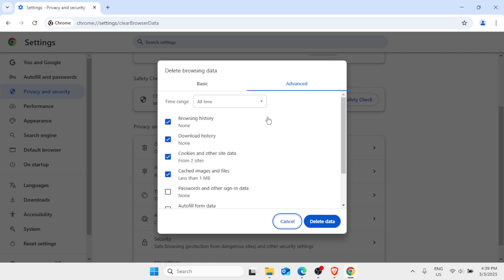You have two options on how you can delete the browsing data: it could be basic or advanced. We have to click on Advanced. Time range - change that to All Time. Browsing history, check that. Download history, check that.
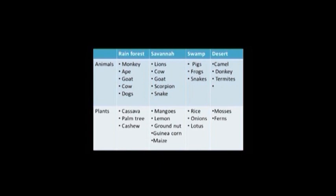In the swamp, we have animals like pigs, frogs and snakes, and plants like rice, onions and lotus. In the deserts, we have animals like camel, donkey, termites, and plants like mosses and ferns.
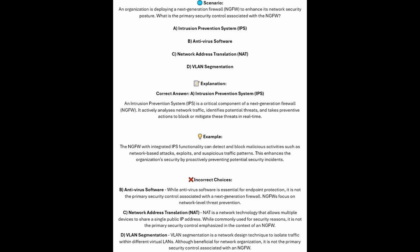An intrusion prevention system, or IPS, is a critical component of a next-generation firewall, or NGFW. It actively analyzes network traffic, identifies potential threats, and takes preventative actions to block or mitigate these threats in real time. The NGFW with integrated IPS functionality can detect and block malicious activities such as network-based attacks, exploits, and suspicious traffic patterns. This enhances the organization's security by proactively preventing potential security incidents.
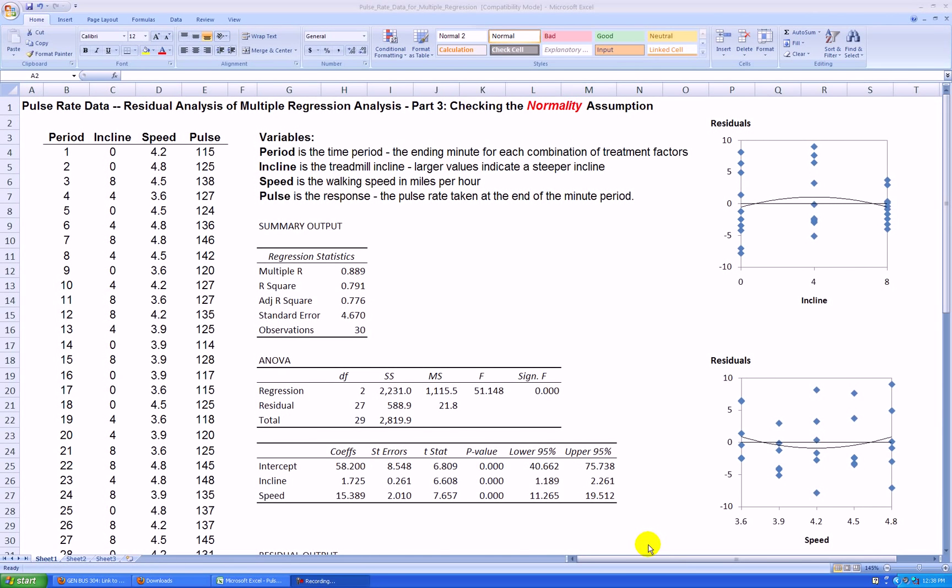Hello and welcome to the third and last video in a series on residual analysis of multiple regression. In this last video, we'll be checking the regression assumption of normality.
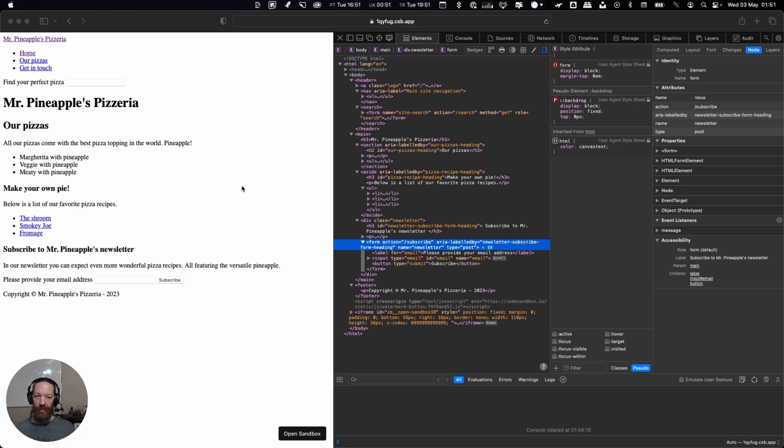Before I do that I want to note one thing, and that is you will see that the form with our newsletter subscription is not going to show up.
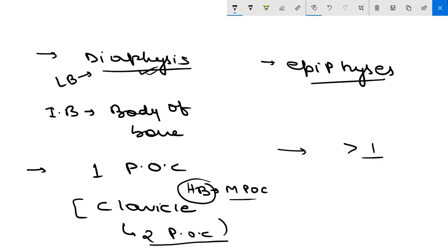Coming to the secondary ossification center, most bones have more than one secondary ossification center. These are the key differences between primary and secondary ossification centers.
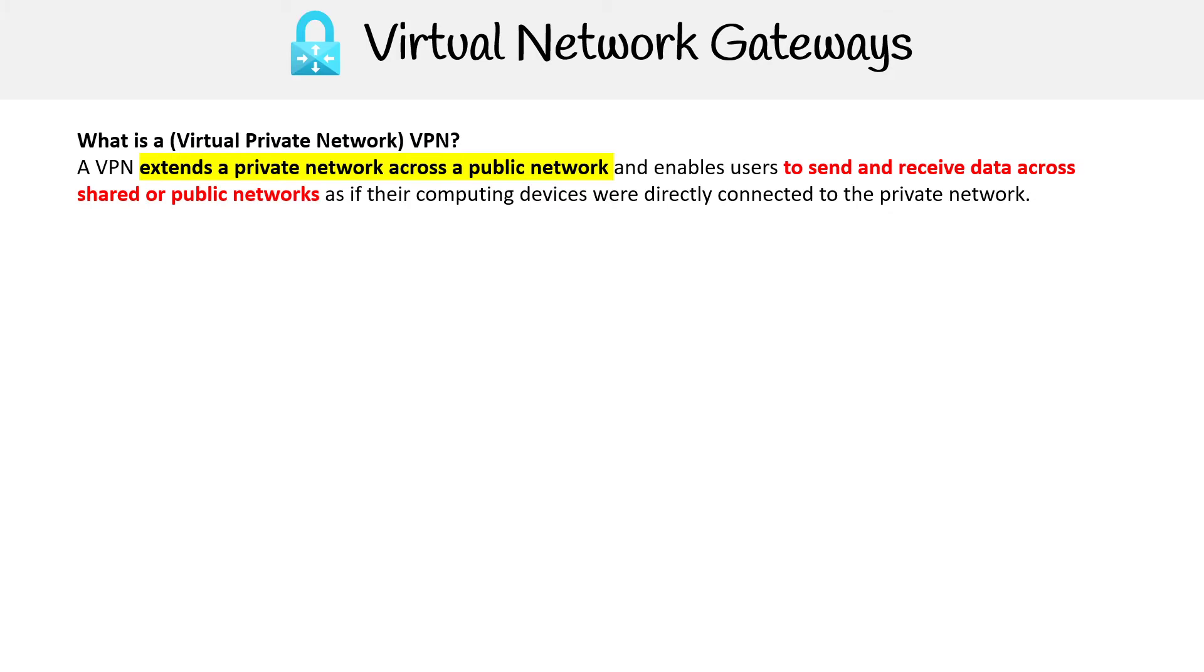Virtual private networks, also known as VPNs, extend a private network across a public network and enable users to send and receive data across shared or public networks as if their computing devices were directly connected to the private network.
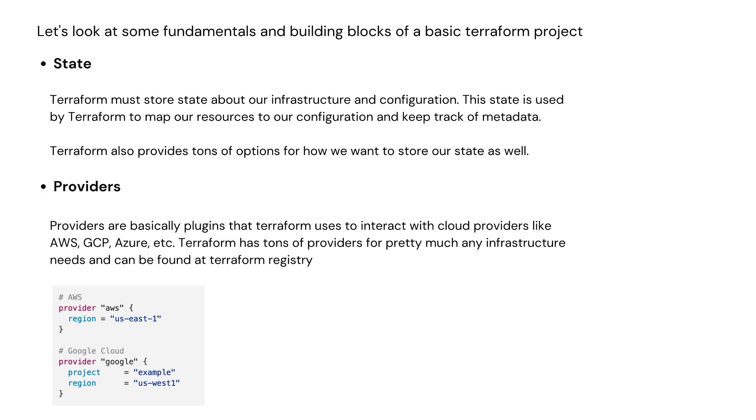Next one is provider. Providers are basically plugins that Terraform uses to interact with cloud providers like AWS, GCP, or Azure. Terraform has tons of providers for pretty much anything and can be found at Terraform Registry. As an example, you can see AWS and Google Cloud Provider.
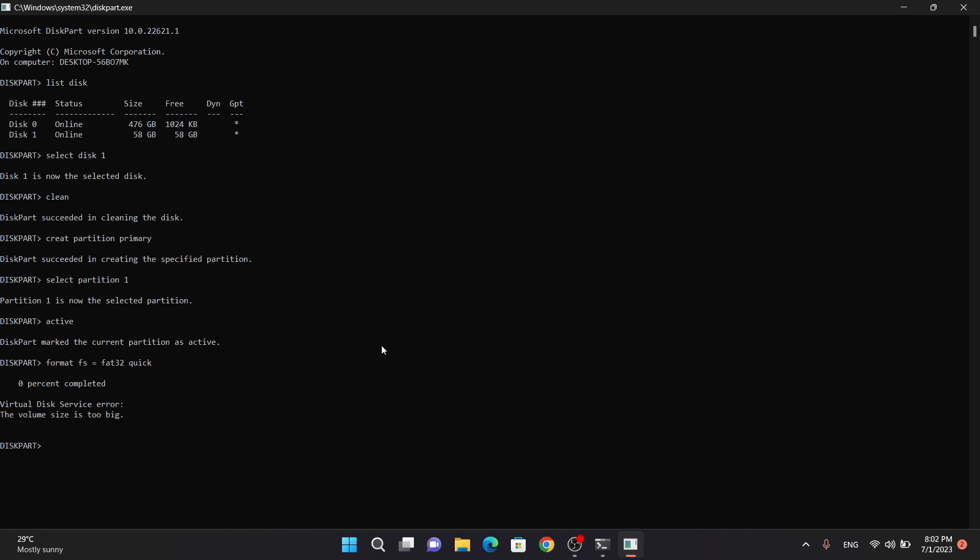If the disk capacity is more than 32 GB, FAT32 will not work sometimes, so you have to give the NTFS command. For this higher capacity disk, we use format fs=ntfs quick command.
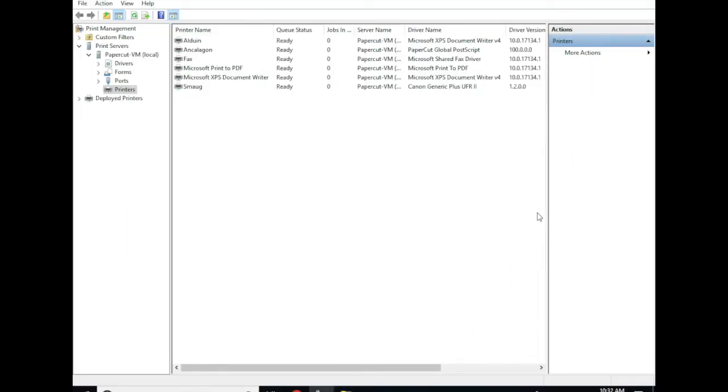Hi, my name is Alex and today I'm going to be walking you through how to configure FindMe printing for PaperCut.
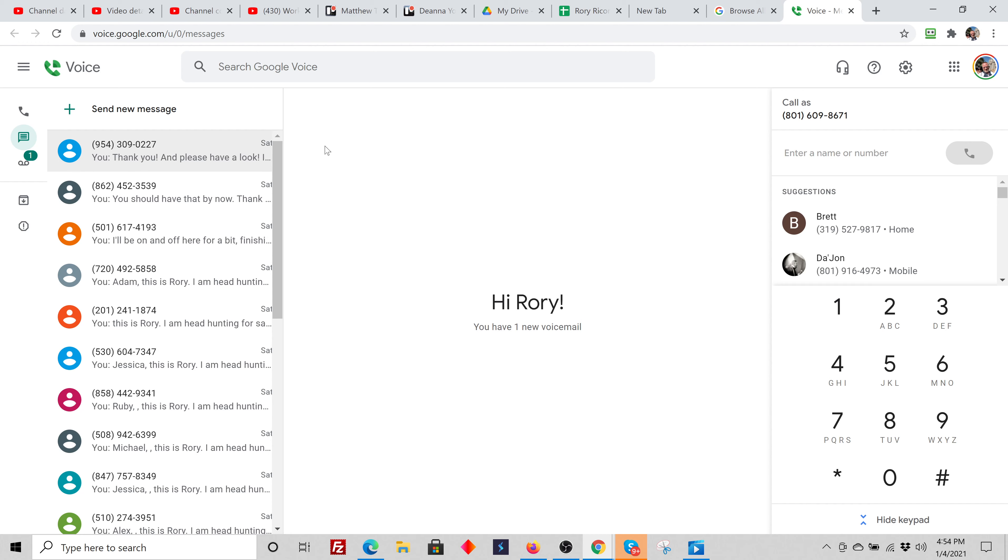But if you have both Google Voice and TextNow, you can start out even small and doing five and 10 a day in each and build up to 40, 50 in each. So you can do 100 a day, which is awesome in the two programs. So I suggest getting both set up if you can.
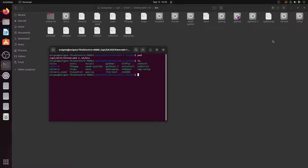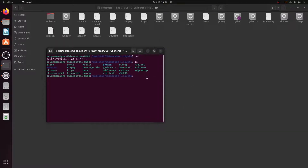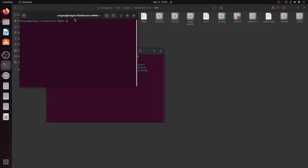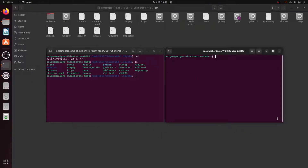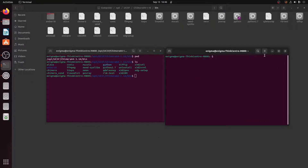Now I will open the .bashrc file to make some changes. I'll open another terminal by pressing Ctrl+Alt+T on the keyboard. I'll keep this terminal alongside the other one. In this terminal I will write a command to open the .bashrc file. I'll type 'gedit' followed by a space and then '~/.bashrc'. This is a system file of Ubuntu — if we edit this file we can make changes.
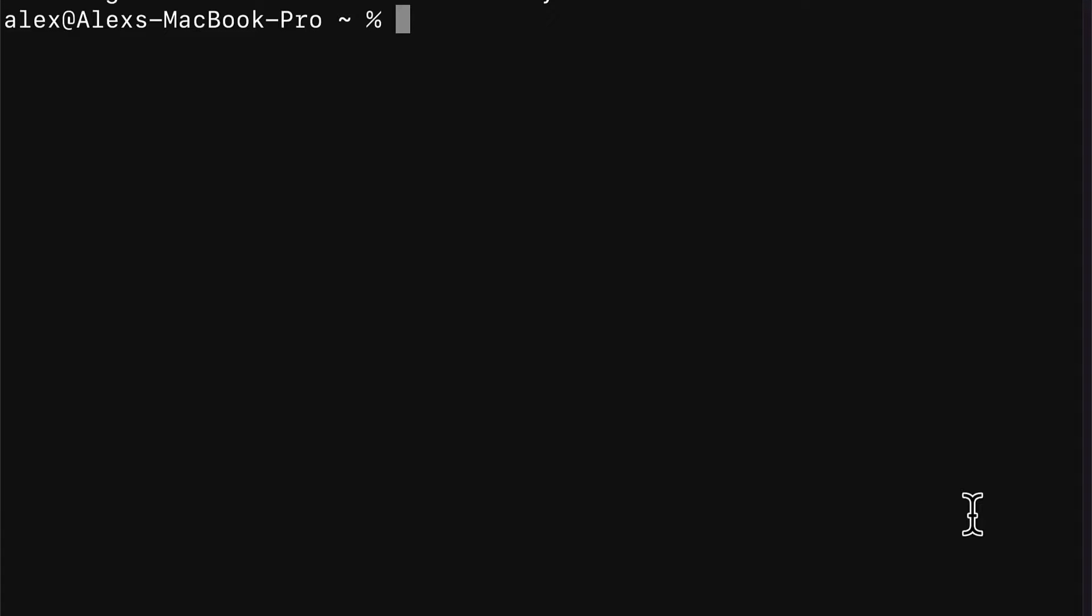Hello everyone and welcome back. In this lecture we are going to initialize a Firebase project on our computer.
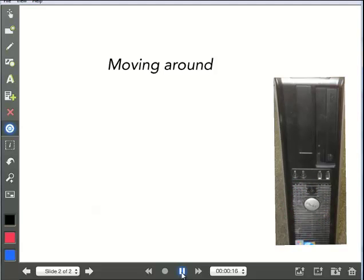And again, we don't have to watch the whole thing. But that's how you would move things around.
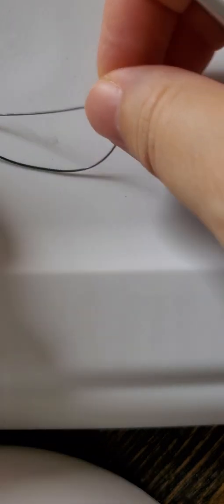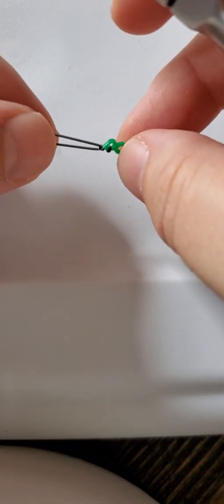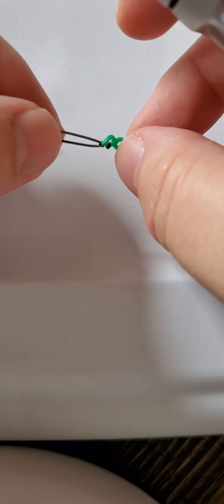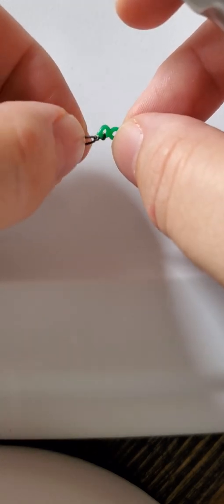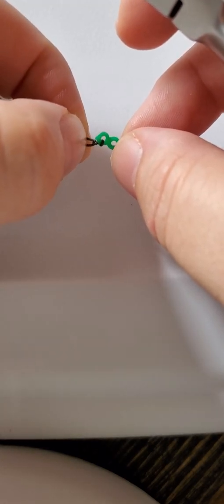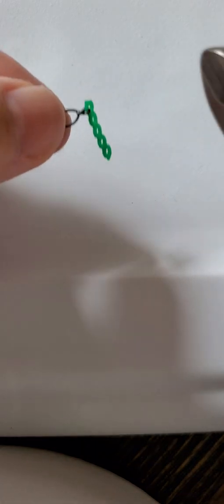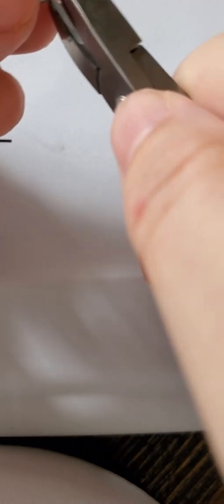After you tie it to the patient, you need to trim, obviously, the extra flash off of it. Make sure you're always leaving a little tail like that because if you don't, it completely unravels. So I'll kind of show you here.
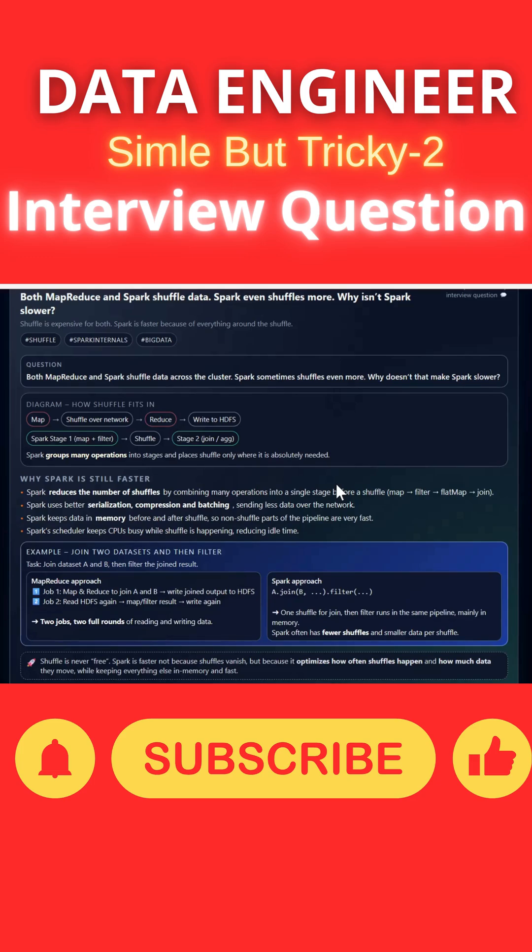In case of Spark, it is a single job. All operations will be combined under one particular pipeline. That is how Spark is efficient in case of shuffling.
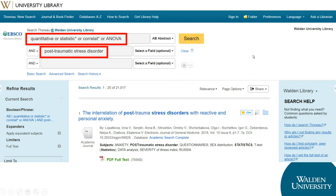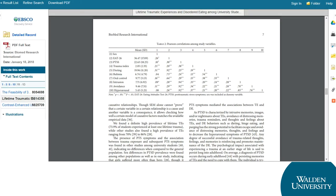You can also specify to search for the methodology terms in the abstract, as the methods used are normally covered in the summary. To be sure that your article is actually using the methodology you want, you'll need to open the full text and look at the methods and results sections, where you will find a detailed description of the methods used and the end results.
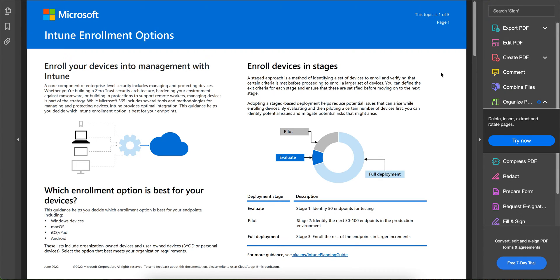You have to enroll your devices in stages. If you are planning to deploy any of these endpoints — Windows, macOS, Android, or iOS — you have to approach enrollment in stages. Starting from a pilot phase, you identify a small set of devices, like 20 or 50, for testing. Then you do pilot testing in stage two. After that, in full deployment, you enroll the rest of the endpoints in the larger environment.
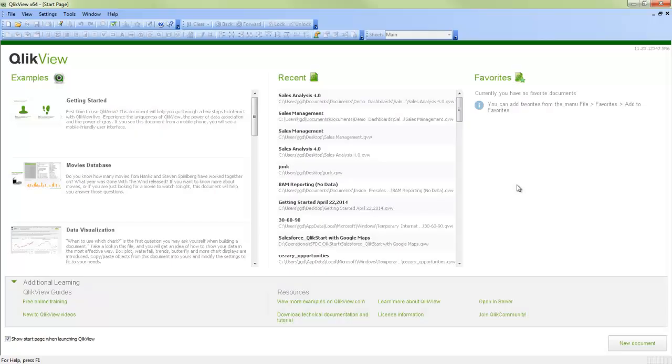Welcome to QlikView Tips and Tricks. My name is Josh Good. I'm a solutions architect here at QlikTech. Today we're going to review the new look and feel for QlikView 11.2 SR6. The unboxing experience has been changed a little bit, including the getting started wizard.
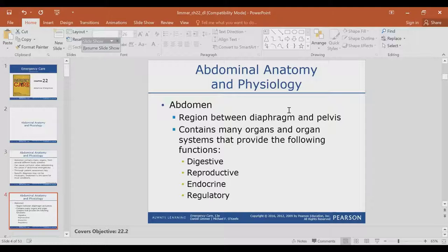The abdomen is your stomach — that's all that is. Abdomen equals stomach. It's right below your diaphragm and above your pelvis. Your diaphragm is the muscle that contracts downward to allow air to come into your lungs. So the diaphragm is right below your chest and right above your stomach — it's the dividing point between the stomach and the chest. And the pelvis follows after your stomach.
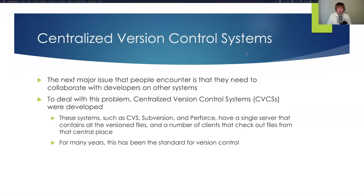Professor Workley is here, continuing with a centralized version control system. The next major issue that people encountered with a local version control system is that they needed to collaborate with other developers on that system.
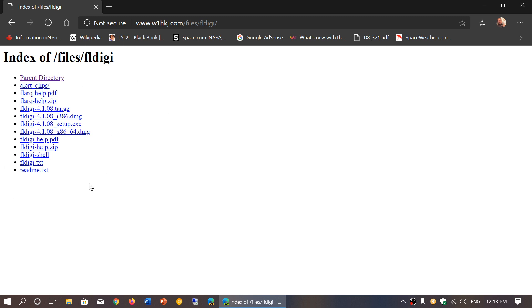FLDIGI readme, the help files for understanding how to use different aspects of FLDIGI and so on are in here. So that's where you get your files and the link to this is in the description below the video. If you enjoy our videos please subscribe and give us thumbs up. Thanks for watching.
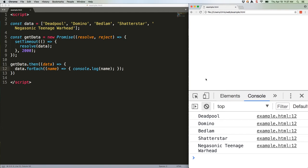ES 2015 promises have two built-in parameters, resolve and reject. You call resolve when things go right, and call reject when they don't. Reject isn't very useful with a simple setTimeout, since it's not going to fail unless we force it to. But with XHR calls or DB writes, it's vital, since those resources can easily fail to return what you want.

• [What you need to do]: Of the records above, print only the lines from the one containing "But if you have" through the one containing "And again, we", inclusive and unaltered, leaving out pictures.

• [Task solution]:
But if you have both Google Voice and TextNow, you can start out even small and doing five and 10 a day in each and build up to 40, 50 in each. So you can do 100 a day, which is awesome in the two programs. So I suggest getting both set up if you can.
Now I will open the .bashrc file to make some changes. I'll open another terminal by pressing Ctrl+Alt+T on the keyboard. I'll keep this terminal alongside the other one. In this terminal I will write a command to open the .bashrc file. I'll type 'gedit' followed by a space and then '~/.bashrc'. This is a system file of Ubuntu — if we edit this file we can make changes.
Hello everyone and welcome back. In this lecture we are going to initialize a Firebase project on our computer.
And again, we don't have to watch the whole thing. But that's how you would move things around.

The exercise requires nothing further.